What To Do With The Time?

The key to keeping your track season alive may lay in cross country. Read on.

All across the nation, spring sports are shut down. There isn't anybody running track meets right now.

And, it's impossible to say at this point when track meets will resume. Optimistically, it could be in a month. Pessimistically, the season is gone. 

If the season does end up gone but things are winding down by early May, there could be a huge rush for meets like Great Southwest to make up for a few lost opportunities. If the current situation extends into summer, well, that's too far off for any worthwhile speculation. We'll cross that bridge when/if it comes.

So, what do you do with the time? Most track and field athletes suddenly have a lot of it on their hands. 

I won't try to suggest here with throwers, jumpers, hurdlers, or sprinters might be doing productively with their time. I think, however, that I can provide some worthwhile words of encouragement to distance types.

First, nothing I'll suggest here requires group workouts. As a rule, schools are forbidding coaches to even suggest group workouts, and they're wise to do so. If you do them, you should realize you're doing them on your own initiative and not because (we hope) your coach told you to or you read it on MileSplit. You didn't read it on MileSplit.

What I will suggest here, however, requires a solid measure of self-discipline. But then, most distance runners are accustomed to that. So, we should be on good footing here.

What I'm going to suggest here assumes that we get some piece of the track season in later April and May, or that you decide to make up what you missed of your track season with some summer racing. If you're ditched the idea of track season and are looking toward the fall, you really don't need to do much right now except build base and stay in touch with your speed. 

If, however, you still dream of 800s, 1600s, and 3200s this spring or summer, your agenda will be a little different.

Simplifying just a little, you can think of track and field as it leads up to the championship season meets as having three elements: 1) distance specific work, 2) aerobic base building, and 3) racing.

All three are important to being ready to go when the championship season arrives. Distance specific work includes a lot of reps at race pace, a little faster than race pace, and longer reps at a little slower than race pace. Different coaches stir the recipe a little differently and alter the ingredients a little, but this is basically what quality days in track season are all about.

If you don't have access to a track during the coronavirus take-cover period, this aspect of training will be hard to get done. Theoretically, you could go to the streets for a hard surface to do those kind of workouts, but there are hazards out there on streets. There's a reason track teams don't practice on streets. 

If you do have access to a track, by all means, take advantage of it and do a session or two of track-specific workouts. Your coach may be able to help you with what those look like, or you may be able to figure it out pretty well on your own based on what the workouts looked like in practices you've already had this year or workouts you did last year. 

If you don't have track access, do not despair. Keep reading.

The second element, aerobic base building, typically gets short shrift during track season. We do a lot of it in cross country season, but quite a bit less in track season. Time is usually a constraining factor.

Well, guess what? Time isn't such a constraining factor for most of us right now. Whether or not you have track access for distance-specific work, get out and spend some time building base. Be careful, though, don't start jump mileage like crazy (increases of 10% per week for two weeks, followed by one week of holding steady is a nice progression). Get the rest and fuel (food, good food) you need to support that kind of effort.
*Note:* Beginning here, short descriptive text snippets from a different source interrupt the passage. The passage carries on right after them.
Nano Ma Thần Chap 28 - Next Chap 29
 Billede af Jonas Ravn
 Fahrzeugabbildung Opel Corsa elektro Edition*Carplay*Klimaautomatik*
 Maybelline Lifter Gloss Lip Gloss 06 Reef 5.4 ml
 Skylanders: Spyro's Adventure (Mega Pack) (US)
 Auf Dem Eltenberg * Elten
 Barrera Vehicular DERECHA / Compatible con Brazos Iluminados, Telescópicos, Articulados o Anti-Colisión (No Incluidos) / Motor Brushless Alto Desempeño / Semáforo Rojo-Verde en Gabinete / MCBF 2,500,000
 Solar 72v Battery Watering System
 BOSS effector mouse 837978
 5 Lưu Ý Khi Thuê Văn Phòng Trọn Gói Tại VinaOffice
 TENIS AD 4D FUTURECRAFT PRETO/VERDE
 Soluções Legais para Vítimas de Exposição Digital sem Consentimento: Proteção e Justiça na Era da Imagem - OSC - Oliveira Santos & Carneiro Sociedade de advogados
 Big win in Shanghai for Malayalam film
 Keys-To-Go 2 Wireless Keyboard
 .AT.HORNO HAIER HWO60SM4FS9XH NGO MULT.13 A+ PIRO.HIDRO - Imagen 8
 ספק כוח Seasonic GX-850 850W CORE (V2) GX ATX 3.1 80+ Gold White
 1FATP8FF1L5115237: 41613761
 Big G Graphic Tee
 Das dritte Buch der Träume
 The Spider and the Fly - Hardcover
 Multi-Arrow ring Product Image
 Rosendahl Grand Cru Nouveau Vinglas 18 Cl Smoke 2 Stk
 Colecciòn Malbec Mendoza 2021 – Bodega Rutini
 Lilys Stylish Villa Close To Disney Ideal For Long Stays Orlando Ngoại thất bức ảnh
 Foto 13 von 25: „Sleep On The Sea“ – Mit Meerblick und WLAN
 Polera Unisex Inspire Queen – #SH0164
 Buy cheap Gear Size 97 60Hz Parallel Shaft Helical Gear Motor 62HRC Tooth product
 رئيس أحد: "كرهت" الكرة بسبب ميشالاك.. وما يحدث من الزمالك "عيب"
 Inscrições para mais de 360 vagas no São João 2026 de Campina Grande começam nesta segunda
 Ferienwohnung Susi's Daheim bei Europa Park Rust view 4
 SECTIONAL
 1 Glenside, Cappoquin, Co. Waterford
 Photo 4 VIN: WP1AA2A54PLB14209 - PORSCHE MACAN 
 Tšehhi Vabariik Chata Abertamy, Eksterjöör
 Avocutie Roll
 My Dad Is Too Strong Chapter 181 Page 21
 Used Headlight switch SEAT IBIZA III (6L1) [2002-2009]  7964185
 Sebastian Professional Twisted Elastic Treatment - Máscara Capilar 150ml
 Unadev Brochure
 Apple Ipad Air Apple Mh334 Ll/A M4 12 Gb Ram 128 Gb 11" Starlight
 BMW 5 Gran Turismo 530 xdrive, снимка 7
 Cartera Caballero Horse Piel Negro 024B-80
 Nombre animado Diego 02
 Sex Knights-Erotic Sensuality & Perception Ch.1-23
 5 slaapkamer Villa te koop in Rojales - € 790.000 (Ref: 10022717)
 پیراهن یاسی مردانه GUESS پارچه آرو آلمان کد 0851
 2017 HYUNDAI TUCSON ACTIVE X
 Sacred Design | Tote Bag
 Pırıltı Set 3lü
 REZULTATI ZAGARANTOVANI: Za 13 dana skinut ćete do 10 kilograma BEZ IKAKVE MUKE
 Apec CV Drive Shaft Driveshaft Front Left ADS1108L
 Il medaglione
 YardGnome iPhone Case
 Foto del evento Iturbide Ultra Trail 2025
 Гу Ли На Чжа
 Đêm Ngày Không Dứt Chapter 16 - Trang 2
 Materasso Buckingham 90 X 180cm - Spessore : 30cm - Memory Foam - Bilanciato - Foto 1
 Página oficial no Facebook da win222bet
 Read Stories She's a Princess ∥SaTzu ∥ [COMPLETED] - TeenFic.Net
Don't forget to touch some speed with your aerobic workouts. Even if you don't have access to a track, you can do fartleks, tempo runs, and even intervals as you would in track. And, you should always be doing strides at the end of recovery days. 

Even if you have no track access, if you're faithful about doing cross country kind of workouts from now until your track team is allowed to meet again, you will be in a very good position to start racing soon once that happens. Distance coaches can do wonders, even in a relatively short period of time, with a solid aerobic base.

For now, there isn't anybody getting any racing in. Make your peace with it. Don't dwell on it. It doesn't help anything to dwell on it. Just be mentally and physically ready, as best as you can, for when the time does come.

Yes, racing is part of getting better at racing. It typically takes athletes a few races to figure things out and for the body to adjust to the type of effort involved in an 800, 1600, or 3200. But, there's nothing we can do to get that right now. Be patient.

So, here's the executive summary: If you can get to a track and do distance-specific workouts, go and do those one or two days per week. Hold yourself accountable. Go to a cross country kind of model for the rest of the week. If you can't get to a track, go full cross country mode. You won't be very far at all behind those who do have track access once the racing begins. You can close the gap of that difference in two or three weeks of racing and doing distance-specific workouts when that time comes.

All the best to you! We're all in this together.